Fundamental Analysis Example

Tesla Inc. (NASDAQ: TSLA) hit $900 per share earlier this year. It’s the powerhouse of the electric vehicle sector.

Investors typically look at details like earnings per share and dividends. But it wouldn’t be fair to say that Tesla took off only because of its financials…

For one, Elon Musk owns Tesla. He sent a car into space and built a reusable rocket. Many people view him as a super-genius who could potentially take us to Mars. This could indirectly add value to Tesla’s stock but wouldn’t necessarily show in the financials.

This is one reason fundamental analysis can be so tricky.

Technical Analysis Example

In penny stocks, history tends to repeat itself. That’s why you must study the charts … They can give you clues about what the stock might do next.

Say you’re looking at a hot penny stock’s daily chart. You notice that six months ago the stock went on a multi-day run from 10 cents to $1.

Since that run, the stock has faded off and found support around 50 cents. Say it consolidates for a few months, then starts making its way toward that previous high of $1.

This is a breakout pattern. The $1 level is a resistance point from the last run, meaning the stock couldn’t push through that price. As it approaches that key level, ask yourself these questions:

  • Will it fail to pass that level again or break out above it?
  • If it does break out, will it have another multi-day run?
  • Are there any more potential resistance levels from further back on the chart?

If you want to use technical analysis to its full potential, this is just the tip of the iceberg. There are many more details of penny stock analysis that you need to learn and adapt to over time.

Don’t try to cheat the learning process — you’ll end up cheating yourself. Get my no-cost “Volatility Survival Guide” to learn how to adapt to a market that’s always changing.

Fundamental Analysis vs. Technical Analysis: Which Is Better?

I’m a day trader, so I rely mostly on technical analysis.

This type of penny stock analysis might not click with everyone. Practice and figure out what works for you.

Michael Goode is one of my earliest Challenge students now one of my chat room moderators. He trades almost entirely using fundamental analysis and now has over $2.6 million in profits.*

Then I have students like Matt Monaco and Mike “Huddie” Hudson who primarily use technical analysis. They’ve found a few patterns that made sense to them, then practiced and honed them for years.

It comes down to preference.

The 3 Best Indicators for Penny Stock Analysis and Trading

There are hundreds of indicators out there, but you don’t need them all for penny stock analysis.

Too many indicators can overcomplicate your trading plan. I try to keep mine as simple as possible.

For the record, I trade using seven indicators. That includes some fundamentals. Forget the labels of fundamental vs. technical. Look at the big picture. You can learn all seven indicators in the “Trader Checklist Part Deux” DVD available from the Profit.ly store.

For now, here are three top indicators for penny stock trading…

#1: VWAP

Almost every trader I know uses volume-weighted average price (VWAP) for penny stock analysis.
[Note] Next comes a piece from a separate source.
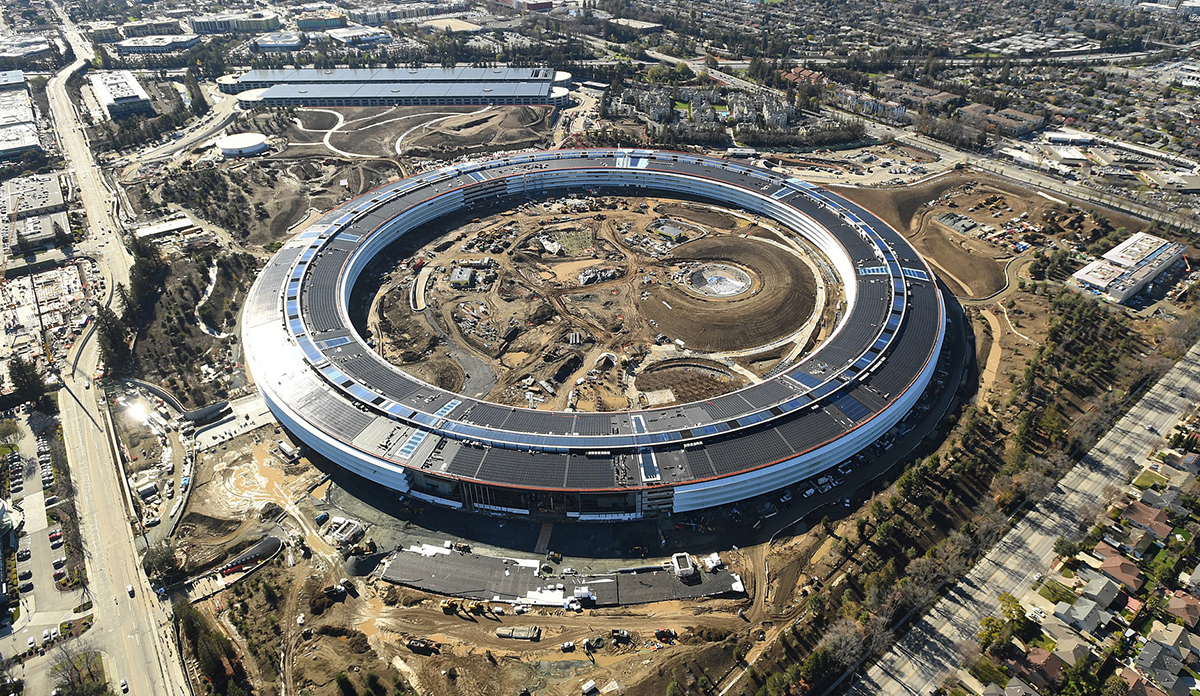 Включи кампус 2. Apple Park в Купертино. Apple Park в Купертино, Калифорния. Кампус Apple в Купертино. Apple Park Норман Фостер.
It takes the total dollar volume traded and divides it by the number of shares traded. This gives us the overall average price, usually displaying as a red line on the chart.

When a stock trades above VWAP, we know it’s above the average price paid. This could mean the stock is bullish. It’s the opposite when it’s trading below VWAP.

Picture a stock that’s been spiking all morning. When it starts to sell off, VWAP could be a good area for a dip buy. That’s because most traders own the stock near that price, so it could potentially act as support.

VWAP isn’t magic. But it can be an awesome tool for penny stock analysis.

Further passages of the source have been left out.